APPOINTMENT REMINDERS, TREATMENT ALTERNATIVES, AND HEALTH-RELATED BENEFITS AND SERVICES. We may use and disclose Health Information to contact you and to remind you that you have an appointment with us. We also may use and disclose Health Information to tell you abut treatment alternatives or health related benefits and services that may be of interest to you.
INDIVIDUALS INVOLVED IN YOUR CARE OR PAYMENT FOR YOUR CARE. When appropriate, we may share Health Information with a person who is involved in your medical care or payment for your care, such as your family or a close friend. We also may notify your family about your location or general condition or disclose such information to an entity assisting in a disaster relief effort.
RESEARCH. Under certain circumstances, we may use and disclose Health Information for research. For example, a research project may involve comparing the health of patients who received one treatment to those who received another for the same condition. Before we use or disclose Health Information for research, the project will go through a special approval process. Even without special approval, we may permit researchers to look at records to help them identify patients who may be included in their research project or for other similar purposes, as long as they do not remove or take a copy of any Health Information.
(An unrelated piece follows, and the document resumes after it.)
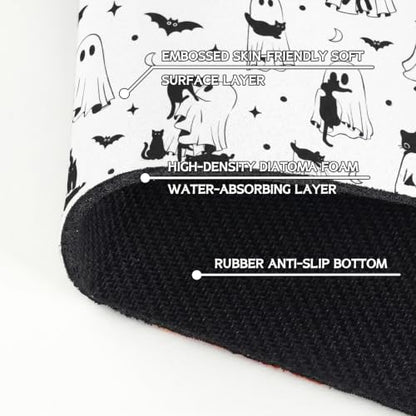 Halloween Kitchen Sink Splash Guard Faucet Mat,Cats Ghosts Bat Halloween Faucet Non-Slip Absorbent Mat,Farmhouse Sink Splash Guard Behind Faucet for Kitchen Bathroom,15"x5.5" - color: Drying Faucet Mat 14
AS REQUIRED BY LAW. We will disclose Health Information when required to do so by international, federal, state or local law.
TO AVERT A SERIOUS THREAT TO HEALTH OR SAFETY. We may use and disclose Health Information when necessary to prevent a serious threat to your health and safety or the health and safety of the public or another person. Disclosures, however, will be made only to someone who may able to prevent the threat.
BUSINESS ASSOCIATES. We may disclose Health Information to our business associates that perform functions on our behalf or provide us with services if the information is necessary for such functions or services. For example, we may use another company to perform billing services on our behalf. All of our business associates are obligated to protect the privacy of your information and are not allowed to use or disclose any information other than as specified in our contract.
ORGAN AND TISSUE DONATION. If you are an organ donor, we may use or release Health Information to organizations that handle organ procurement or other entities engaged in procurement; banking or transportation of organs, eyes, or tissues to facilitate organ, eye or tissue donation; and transplantation.
All patients are entitle to a paper copy of this notice.
CHANGES TO THIS NOTICE. We reserve the right to change this notice and make the new notice apply to Health Information we already have as well as any information we receive in the future. We will post a copy of our current notice at our office. The notice with contain the effective date on the first page, in the top right hand corner.
COMPLAINTS. If you believe your privacy rights have been violated, you may file a complaint with our office or with the Secretary of the Department of Health and Human Services. To file a complaint with our office, contact the PRIVACY OFFICE, RUSSELL, MD and MEYER, MD, PC. All complaints are to be made in writing. You will not be penalized for filing a complaint.